Através da parábola da figueira, Jesus dá as indicações práticas sobre o tempo da conversão. Antes de tudo, a parábola nos fala sobre a paciência de Deus: apesar da esterilidade crônica da figueira, diante da súplica do vinhateiro, o dono da vinha concede mais um tempo para que ela produza frutos. Contudo, o tempo para que a planta dê frutos não é adiado indefinidamente: a figueira só tem mais um ano, somente mais uma estação, mais uma última chance para produzir os frutos esperados. Isso pode nos parecer severo, mas não podemos esquecer isso que a Igreja proclama a cada dia, na primeira celebração da Liturgia das Horas: “Hoje, não fecheis o vosso coração (…)” (Sl 94). É este “hoje” que conta, amanhã pode ser muito tarde. É neste “hoje” que eu devo me converter e é neste “hoje” que Deus deseja operar a minha salvação.

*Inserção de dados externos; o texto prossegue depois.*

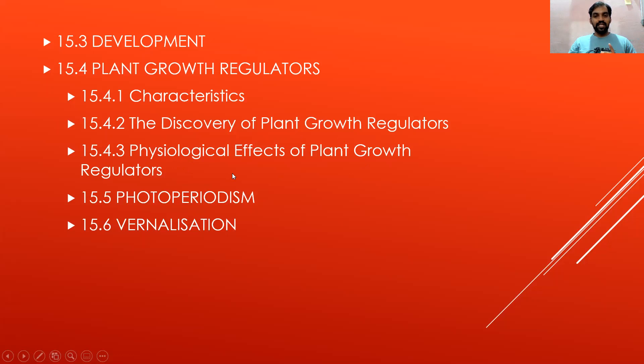The physiological effects we will study include auxin, gibberellin, cytokinin, ethylene, and abscisic acid. We are also going to study 15.5 Photoperiodism and 15.6 Vernalization.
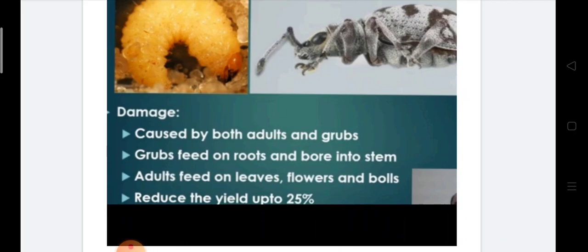These insects reduce yield by up to 25%, causing a significant loss in crop yield. In our next lecture we will be covering cotton jassid or empoasca devastans, with which all the insects of cotton will be completed. Thank you.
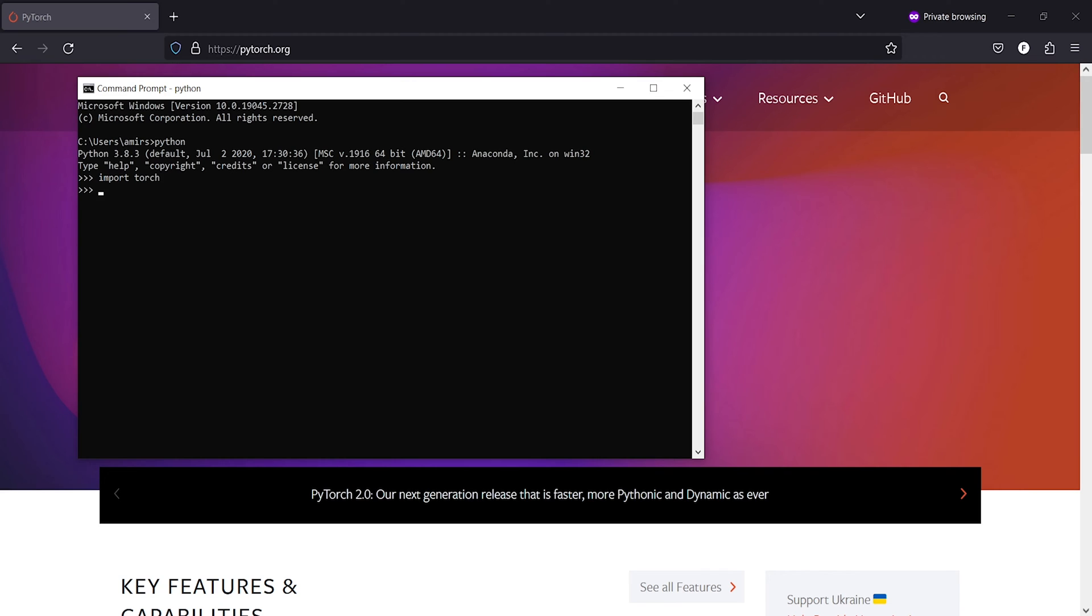Now I'm going to print the version. I will write torch.version and press enter, and here you can see that the latest version of PyTorch is installed in my machine: 2.0 plus CPU.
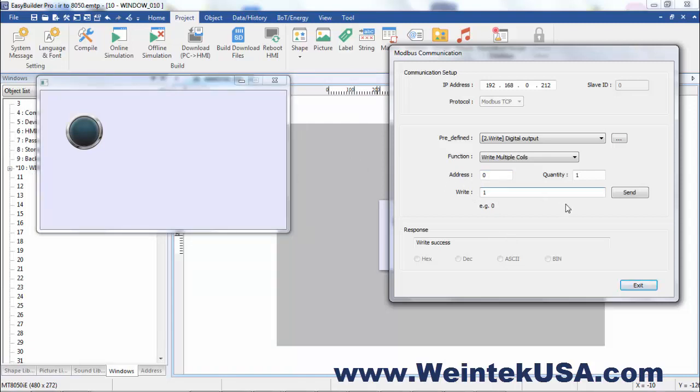And so we'll go ahead and hit send. And you see it turns it on. 0, off, 1, on.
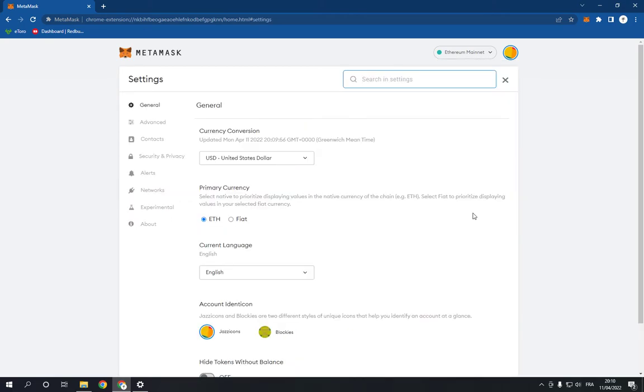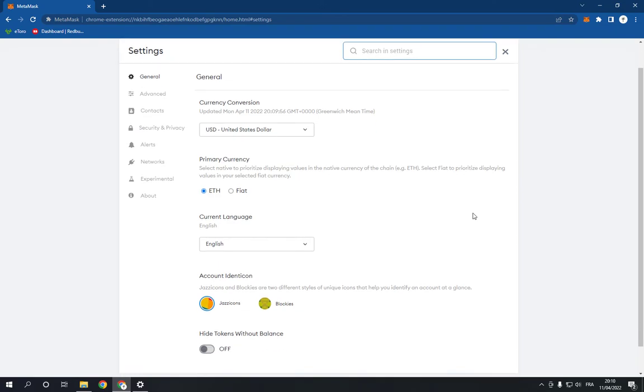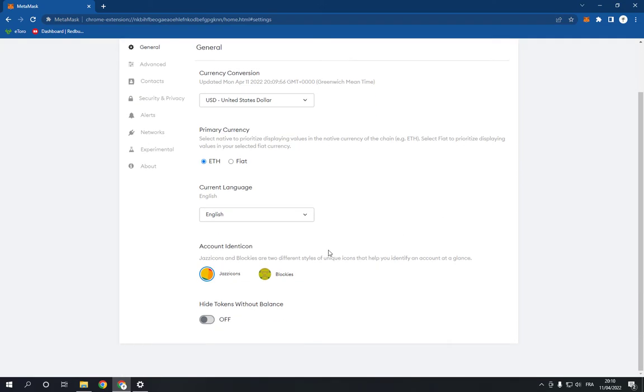It will take you to this page. Now right here you go down and you will find account identicon right here.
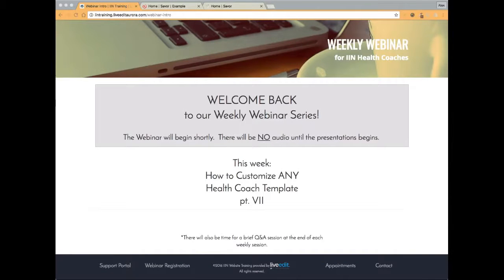Good morning everyone, I think we can go ahead and get started. My name is Alex, I will be conducting today's webinar just like I do each and every week. For those of you that are new, welcome. For those of you joining us again, welcome back. Before we get started, just want to give everyone a little overview of how everything works. Up in your upper left corner you'll see two buttons — one for Q&A and one for chat. Utilize the Q&A feature to submit questions.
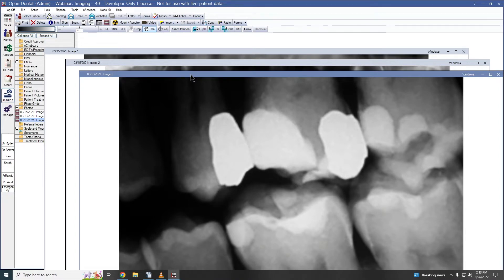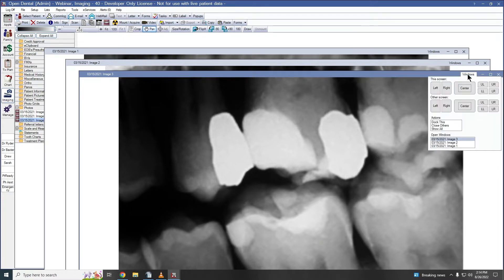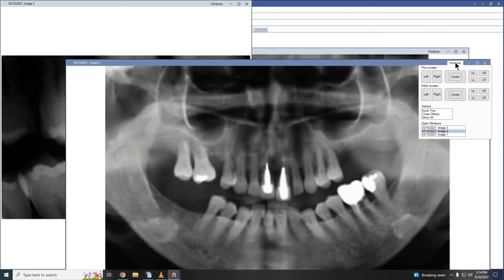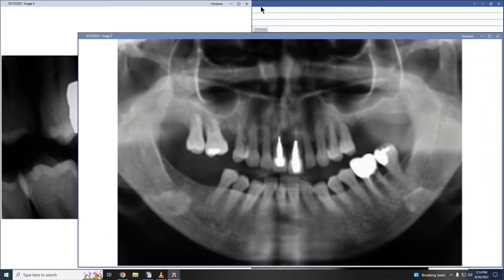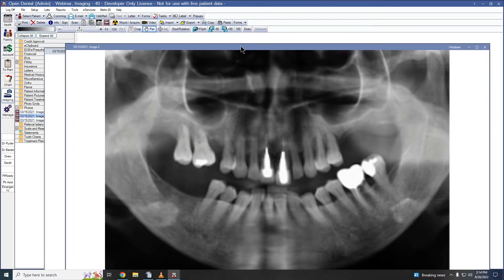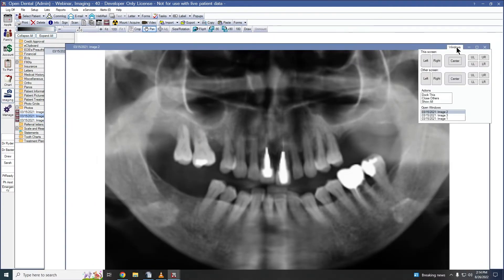We can also designate a specific area of the screen to display the image by clicking the Windows button in the top right of our title bar. From here, I can select where on this screen or on my other screen I would like my image to display. I can choose Dock This to redock the image, select the title bar and drag to undock the image again, select Close Others to close all other open images, or choose Show All to open any minimized images.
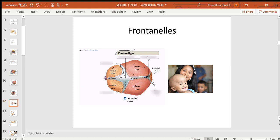A clinical condition called hydrocephalus occurs when fluid accumulates inside the brain, causing it to enlarge. In infants, because of the fontanelles, the skull can expand and the head becomes visibly larger than normal. In adults with hydrocephalus, the skull cannot expand because the sutures are hard fixed joints, which greatly increases intracranial pressure.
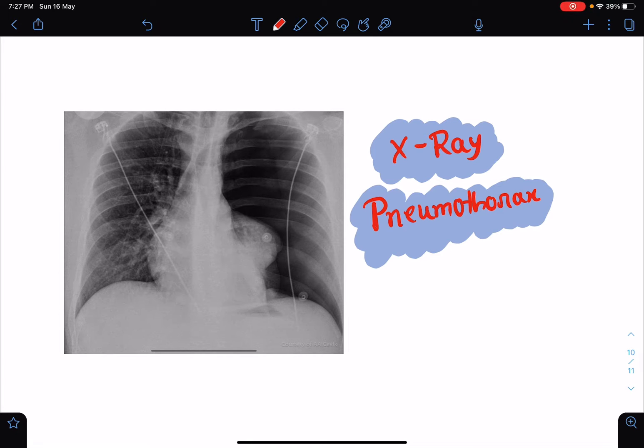Hello everyone, this is Dr. Sangeeta Chaudhary and I welcome everyone to my lecture class again. In today's class, I am going to talk about the X-ray findings of pneumothorax.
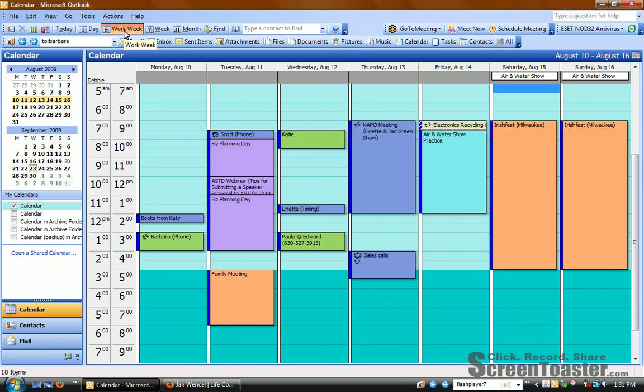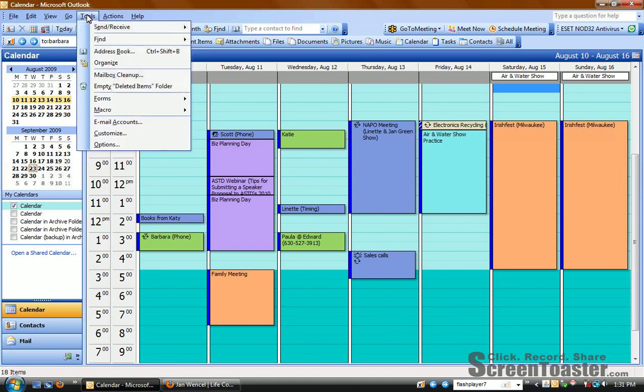And whenever you close Outlook, whatever view you're using is the view that you'll find the next time you open it. But to get the calendar to be the first page that you see in Outlook, you have to do a couple of things.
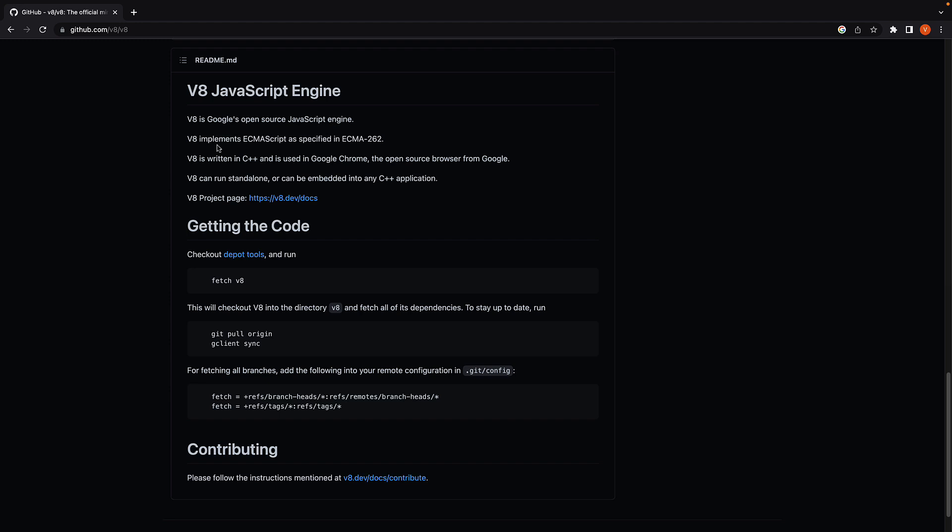Second point, V8 implements ECMAScript as specified in ECMAS262. In the previous video, we've learned that ECMAS262 is the standard language specification and ECMAScript is the language that implements it. Hopefully, this point also needs no further explanation and you can see how we are slowly building a knowledge of prerequisites for the next video.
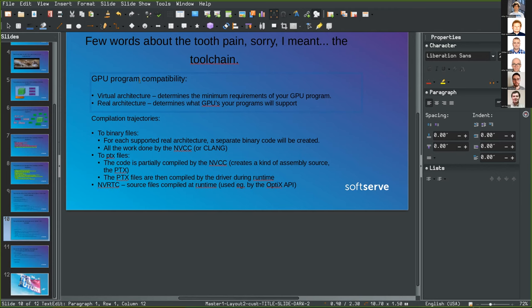The third option is NVRTC — from C++ source you can compile code inside your own code at runtime. The problem is you must separate device code from host code, because NVRTC won't compile x86 CPU code. You'll end up with linker errors if any `.cu` files contain CPU code mixed in.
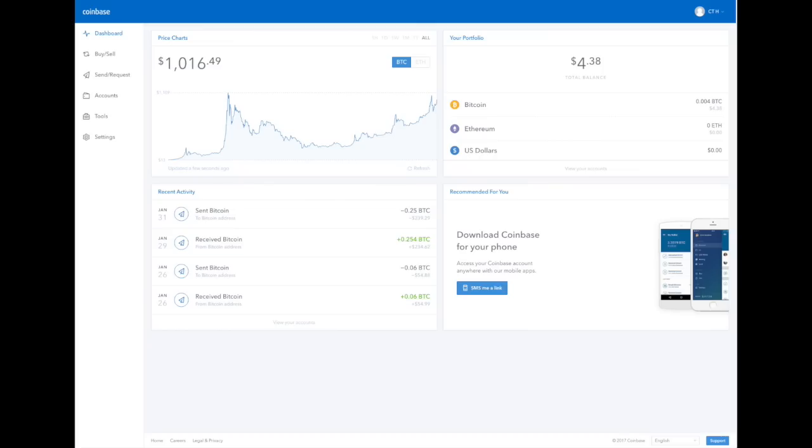Chris here with you and today I'm going to be telling you a little bit about Coinbase and how to use it. First of all, what is Coinbase? Coinbase is a Bitcoin wallet. A Bitcoin wallet is a program that lets you buy or sell Bitcoins.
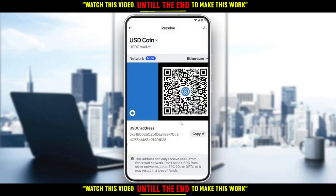Then you'll want to copy your address and paste it in the place you're sending from — it could be any other wallet. Just paste it there, or you can even scan this QR code with your other wallet.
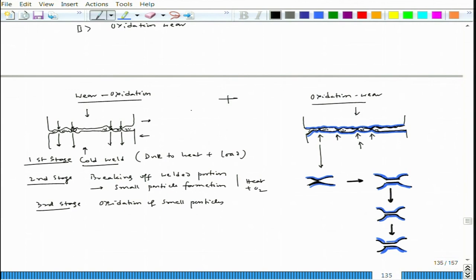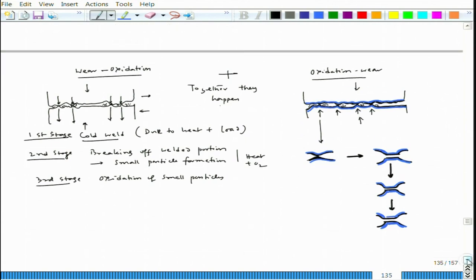In practice it is very difficult to isolate these two mechanisms; mostly both happen together. There is a lot of heat due to fretting and oxygen is present, so both mechanisms — wear-oxidation and oxidation-wear, including cold welding — are possible simultaneously. It is essentially a combination of both processes that leads to fretting corrosion.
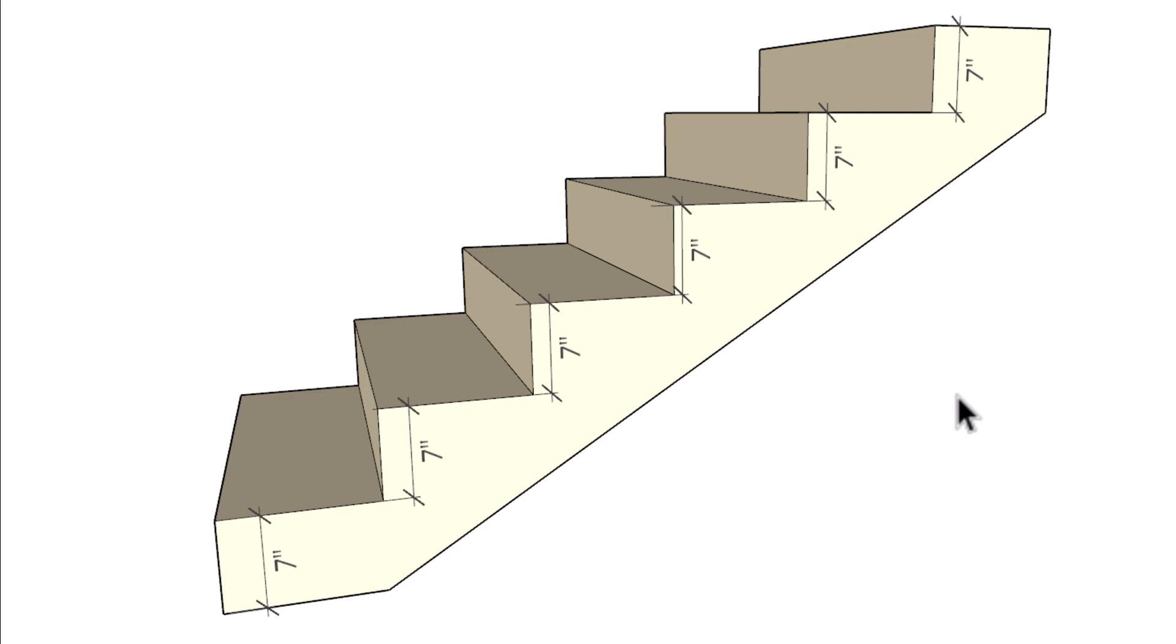This is an updated video. The building codes haven't really changed on dimensional uniformity for risers or treads, where you have a maximum of three-eighths of an inch per flight of stairs total. I've already made quite a few of these videos.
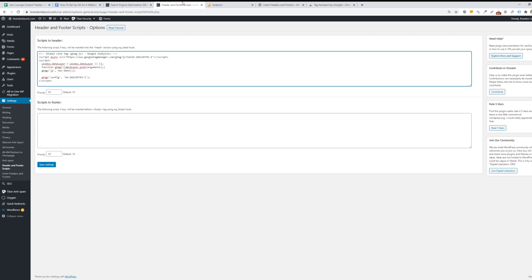And then your Google Analytics will track for your website. It may take some time for the changes to populate in your header code of the site, so if it's not verified right away then you can try again in a couple of hours.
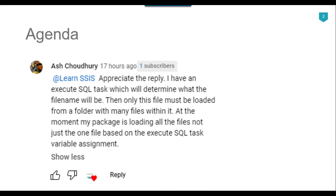Recently I got a question from one of my subscribers, Ash Chaudhary. The question was: I have an Execute SQL task which will determine what the file name will be, and only that file must be loaded from a folder with many files. At the moment the package is loading all the files, not just the one file based on the Execute SQL task variable assignment. So let's see how we can do this.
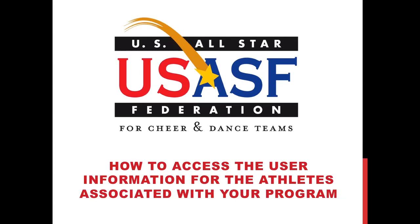This video will provide information to the gym owner on how to access the user information for the athletes associated within their program.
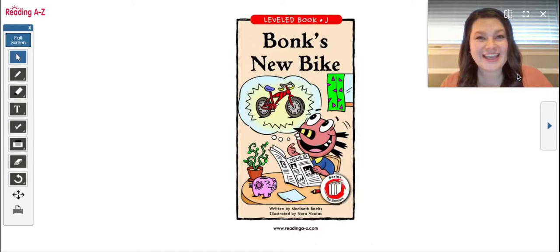Hi Kindergarten, it's Miss Cliff. Today we're going to be reading a Level J book called Bonk's New Bike.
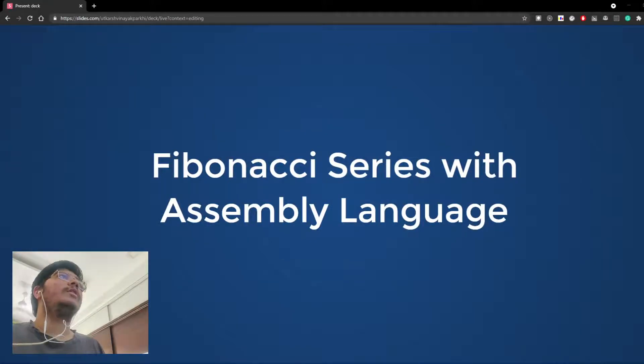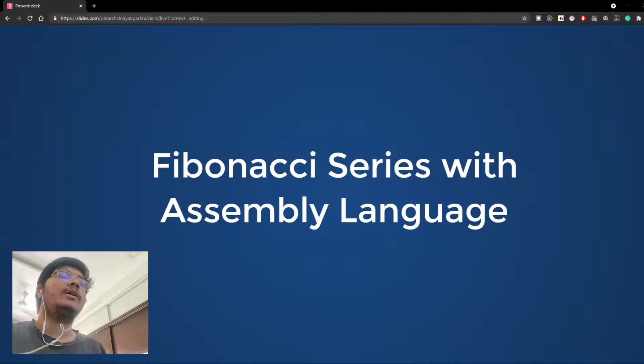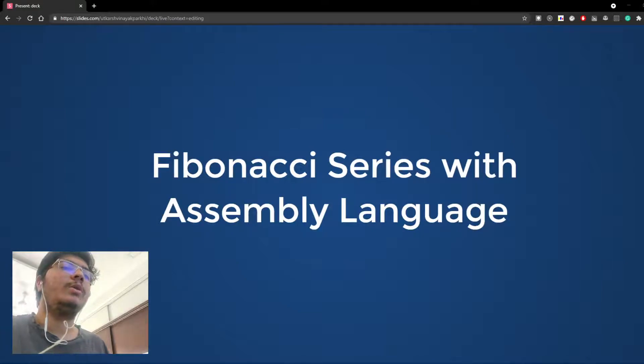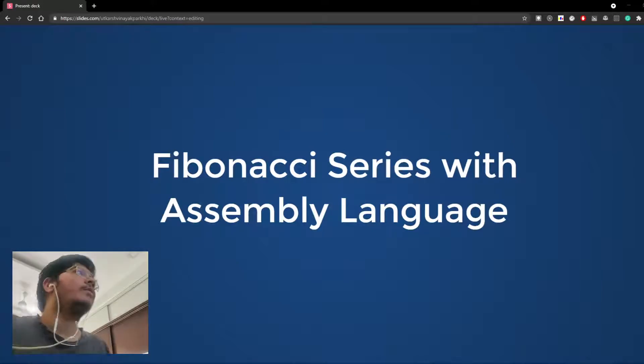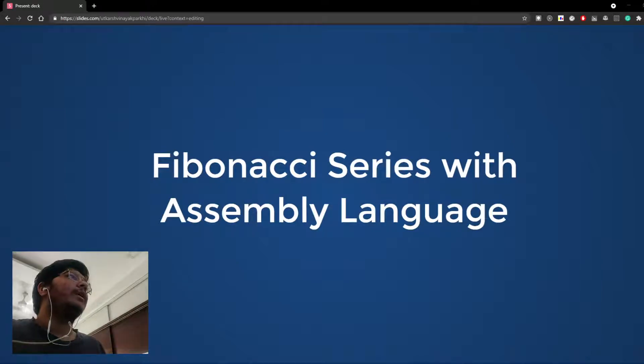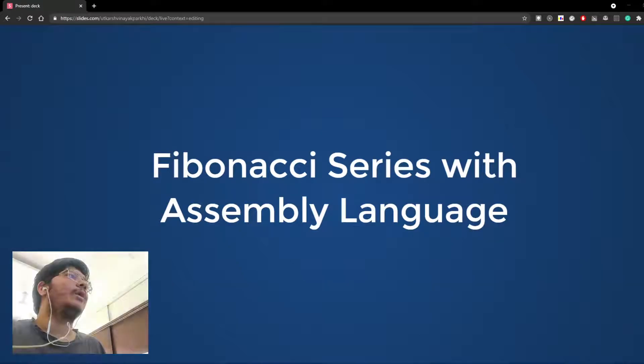Hello, good morning. My name is Utkarsh Parkhi and today I will show you how to make Fibonacci series using assembly language.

Para tentar salvar a figueira não é suficiente um tratamento superficial, por isso o trabalho tem que ser feito em suas raízes. O vinhateiro se propõe a “cavar em volta dela e colocar adubo”. De fato, a conversão é um trabalho que precisa ser realizado nas profundezas de nosso ser, cavando essa terra dura do nosso coração. Inevitavelmente, quando cavamos ao redor de uma árvore, algumas de suas raízes também são cortadas. Por isso, permitir que o Senhor cave e revolva a nossa terra exige de nós o despojamento, para que as nossas raízes más sejam arrancadas.

A oração da liturgia de hoje nos indica que o adubo, que o Senhor deseja aplicar em nossas raízes enfraquecidas, é “o jejum, a esmola e a oração”, que é “remédio contra o pecado”. Esses remédios que desde o início da Quaresma a Igreja nos indica também como armas para combater contra o mal (cf. Oração da coleta da Quarta-feira de cinzas). A primeira leitura ilumina o sentido da liturgia de hoje. Ela nos descreve o milagre da sarça que não se consome e o chamado de Moisés para anunciar a libertação ao seu povo em nome do Senhor, “Eu Sou”. Diante das advertências que nos são dirigidas pelo Evangelho, somos convidados a nunca colocar em questão a fidelidade de Deus, que caminha conosco, que vê nossa aflição, ouve nosso clamor e conhece nossos sofrimentos. Assim, seria um erro pensar que a paciência de Deus com os homens que não produzem os frutos esperados possa se esgotar. Os atributos de Deus não são limitados ou finitos; sua misericórdia e seu amor por nós, como a sarça, que arde sem se consumir, não se esgotam. Mas o homem sim, é finito em seu tempo e só pode dar frutos durante a sua existência limitada. A advertência que nos é dirigida hoje não indica que a paciência e a misericórdia de Deus se esgotam, mas que nossas próprias possibilidades, que são concretamente limitadas, têm um fim. Por isso, ouvindo a voz do Senhor, que renova o seu convite à conversão, como reza o salmista, não fechemos hoje o nosso coração. Que pela confissão da nossa fraqueza e a consciência de nossas faltas sejamos confortados (curados) pela misericórdia de nosso Deus (cf. Oração da coleta)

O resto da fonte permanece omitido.